* **Exercise instructions**
What needs transcribing is the line with "Automated patching process" and every line after it to the end of the records, exactly and alone, with no pictures.

* **Supplied records**
_ _ _ _
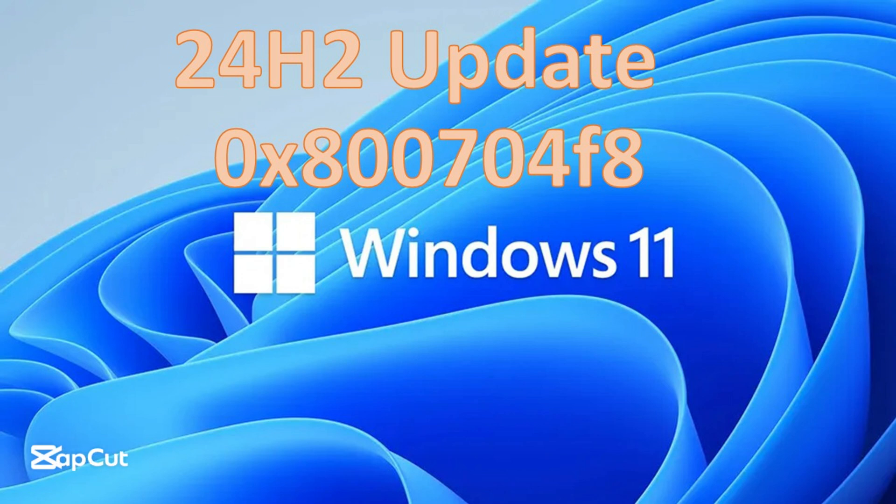Hi! In today's video, you will be sharing how to resolve the error 0x800704F8 after the latest Windows 11 update.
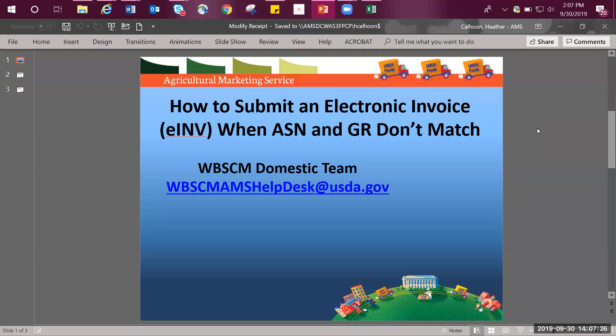Hello, this training session will cover how to submit an electronic invoice or e-invoice if the advanced shipping notification and goods receipt don't match. This scenario specifically covers how to modify the goods receipt, then subsequently submit the e-invoice.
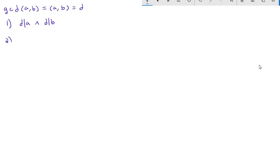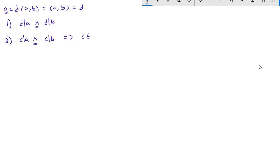The second condition: if I have some other number c that divides a and divides b — and by the way, this little hat symbol is just a formal mathematical symbol for 'and', used in mathematics — then c is less than or equal to d.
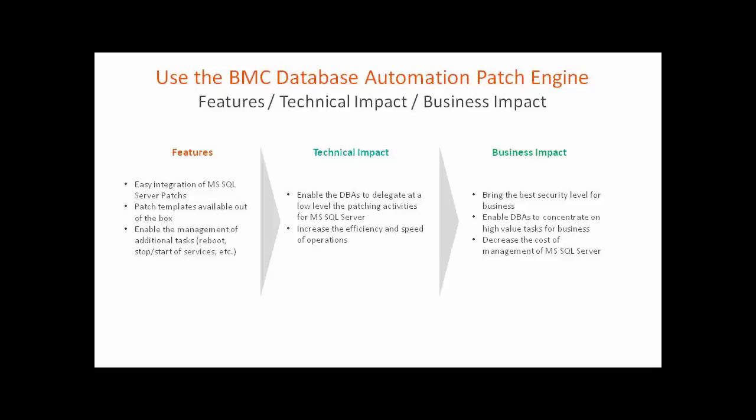Automated patching process help to elevate the security level, enable DBAs to concentrate on higher value tasks, and decrease the cost of management of databases.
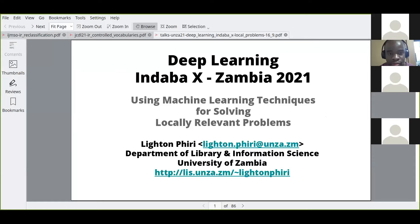I was told I have two hours, but I'll scale it down to an hour or an hour and a half — I'd much rather we have a conversation. The title of my talk is 'Using Machine Learning Techniques for Solving Locally Relevant Problems.' What I do with my students involves working a lot with data, in ways that transcend purely statistical techniques. We take advantage of both supervised and unsupervised machine learning.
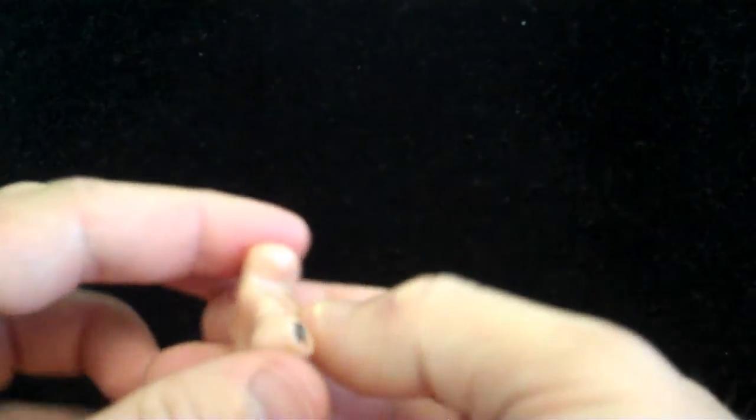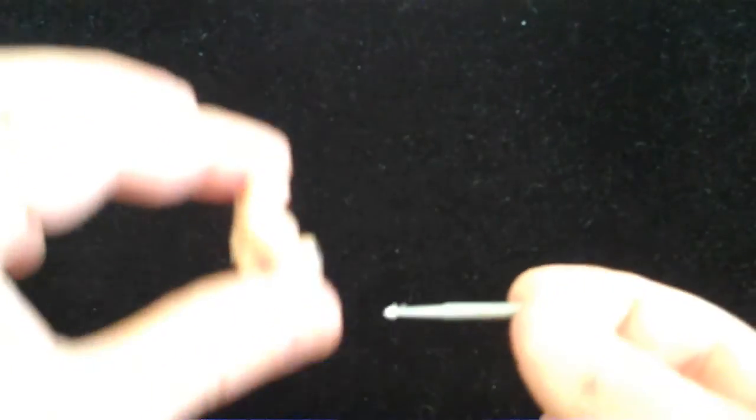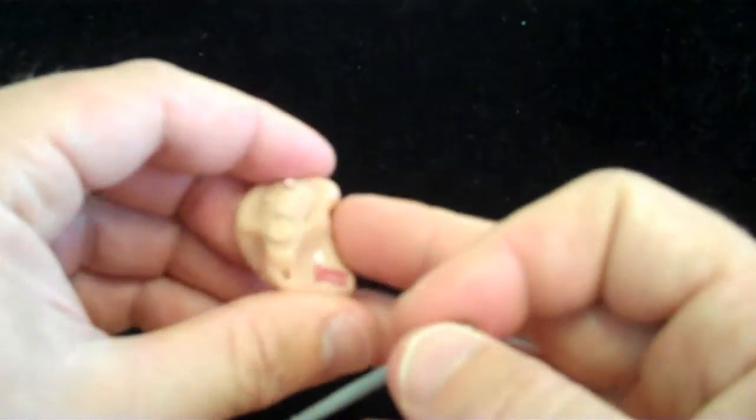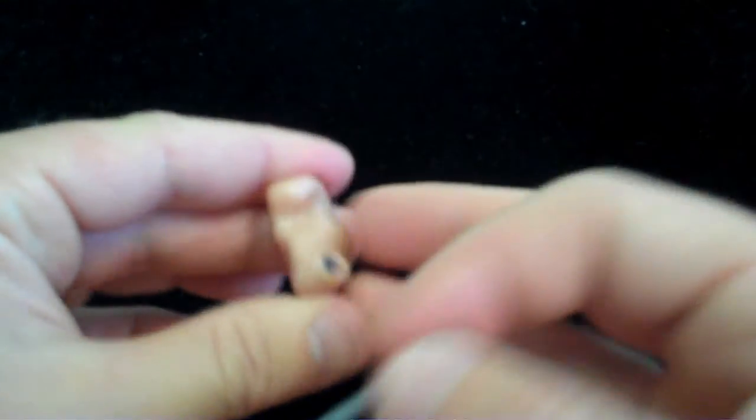Now, the same procedure is used with custom hearing aids that have a wax trap. Not all of them do, but if they do, that same white basket sits right in front of the receiver. There you go.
_ _ _ _
* **Solution to the exercise**
Automated patching process help to elevate the security level, enable DBAs to concentrate on higher value tasks, and decrease the cost of management of databases.
I was told I have two hours, but I'll scale it down to an hour or an hour and a half — I'd much rather we have a conversation. The title of my talk is 'Using Machine Learning Techniques for Solving Locally Relevant Problems.' What I do with my students involves working a lot with data, in ways that transcend purely statistical techniques. We take advantage of both supervised and unsupervised machine learning.
Now, the same procedure is used with custom hearing aids that have a wax trap. Not all of them do, but if they do, that same white basket sits right in front of the receiver. There you go.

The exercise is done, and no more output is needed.